Underlying these new technologies is the aggregation and integration of unprecedented volumes of “big data,” which provides the raw materials for advanced analytics.

Firms, utilities, and technology providers are working closely together to apply the unique features of distributed ledger technology to the capital markets – taking advantage of how it can manage identities, track records, and streamline operations in new ways.  With new proofs of concept and industry partnerships being announced regularly, we’re quickly learning how to bring this technology into production.  And as blockchain develops and is applied in the industry, SIFMA will continue to dialogue with regulators to help ensure it is integrated within existing regulatory frameworks.  Financial technologies will also enhance regulatory compliance and supervision.  Tools like machine learning can help firms better understand risk and meet their compliance and reporting requirements. Natural language processing can support more effective monitoring of phone calls and email to meet compliance requirements. Know-YourCustomer practices can be greatly enhanced with better data and analytics.

These new technologies can also empower regulators, as big data and machine learning can be used to carry out market supervision and surveillance more efficiently – for example, in the U.S., the Consolidated Audit Trail is designed to capture in one central database the full lifecycle of equity, options and potentially other products, from inception to execution.

SIFMA is proud to provide a forum for the industry to come together and address the best path forward to leverage these new opportunities, ensuring that regulation and business practices promote fairness and don’t handcuff innovation. Our goal as an association is to help firms in their quest to improve the client experience, risk management and regulatory compliance as new technologies become a reality. Also, we know that with rapid change comes a heightened responsibility to stay ahead of any new risks that may be introduced, including a steadfast focus on cybersecurity. The industry has managed the impacts of rapid technological change over recent decades, and we’ll apply the lessons of this experience to ensure that the marketplace remains resilient for clients.

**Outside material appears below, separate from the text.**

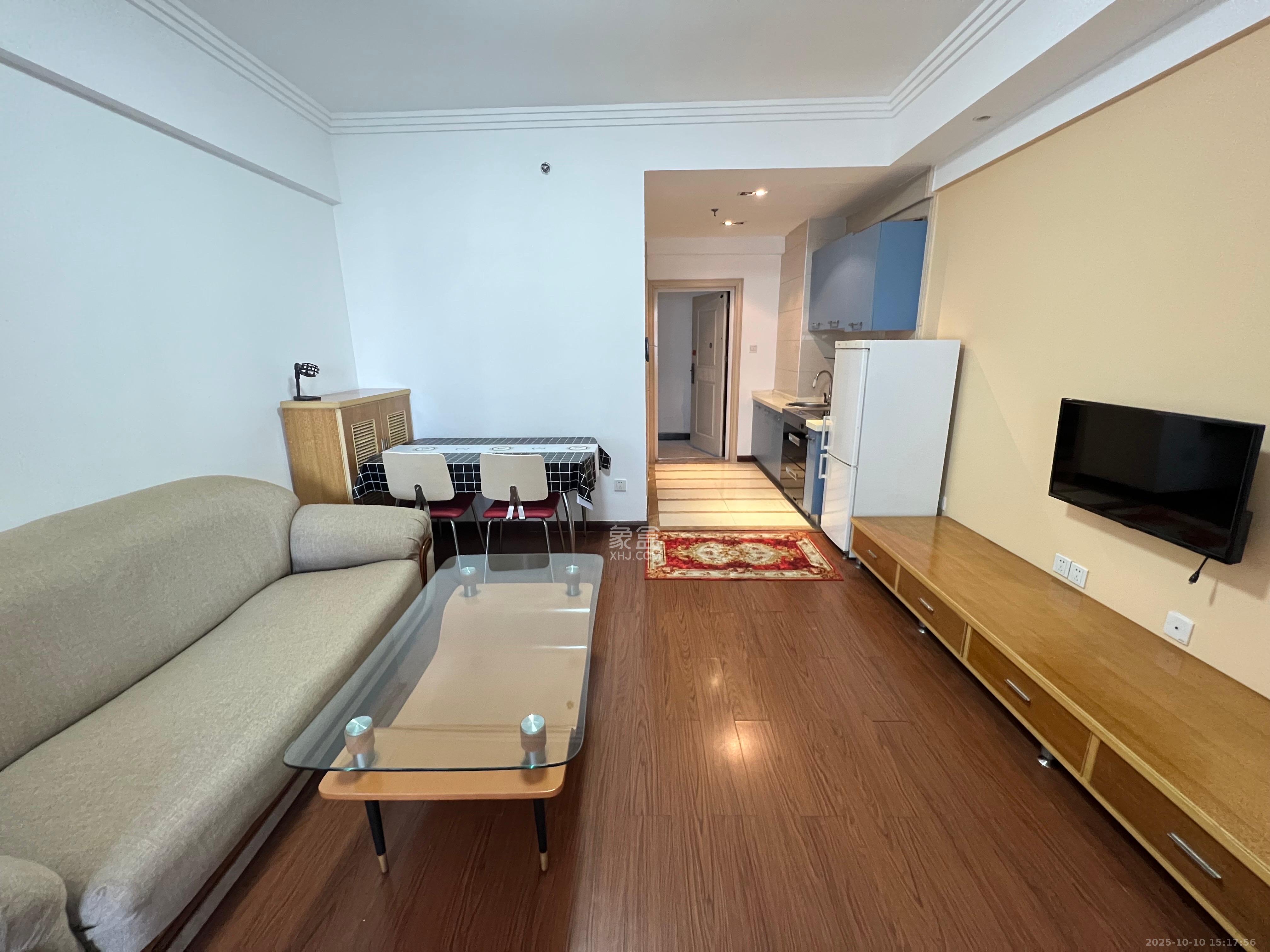 西子一间  1室0厅1卫    1600.0元/月室内图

Before we get started, I’d like to recognize our speakers for sharing their time and insight, and I’d like to thank our sponsors, whose support has helped to make this event possible:  Accenture, Broadridge, Deloitte, and KPMG at the diamond level, and our platinum sponsor IBM.

It is now my pleasure to introduce our keynote speaker. Jeffrey Bandman is FinTech Advisor at the U.S. Commodity Futures Trading Commission.  He is the CFTC’s FinTech lead and chairs the CFTC staff FinTech working group.

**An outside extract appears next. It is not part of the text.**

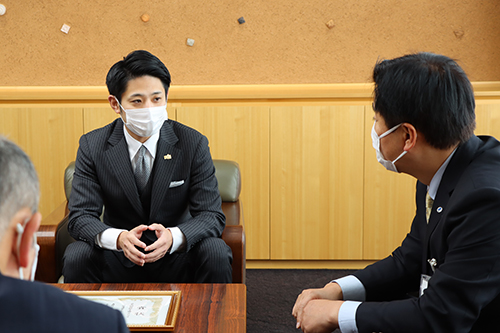江原市長に決勝のようすやグランプリ受賞の思いなどを報告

Just a few weeks ago, we saw the CFTC plant its FinTech flag with the launch of LabCFTC here in New York. LabCFTC aims to help FinTech firms address regulations and improve the CFTC’s own use of technology.  It will be a forum for the CFTC to engage with FinTech innovators, and support its staff as they look to apply the potential of emerging technologies to support the CFTC’s mission and regulatory responsibilities.

Jeff previously led the CFTC’s Division of Clearing and Risk, which has responsibility for overseeing several of the world’s largest central counterparty clearinghouses. In this capacity he led the negotiations resulting in “Clearinghouse Equivalence” concluded between the CFTC and the European Commission in 2016.

Prior to joining the CFTC, Jeff worked for many years in the financial industry, including with LCH Clearnet, LiquidityHub the Project Rainbow consortium, and Cantor Fitzgerald.

We’re fortunate to have Jeff with us to share his vision for LabCFTC.  We’re looking forward to his unique insight on FinTech. Please join me in welcoming Jeffrey Bandman.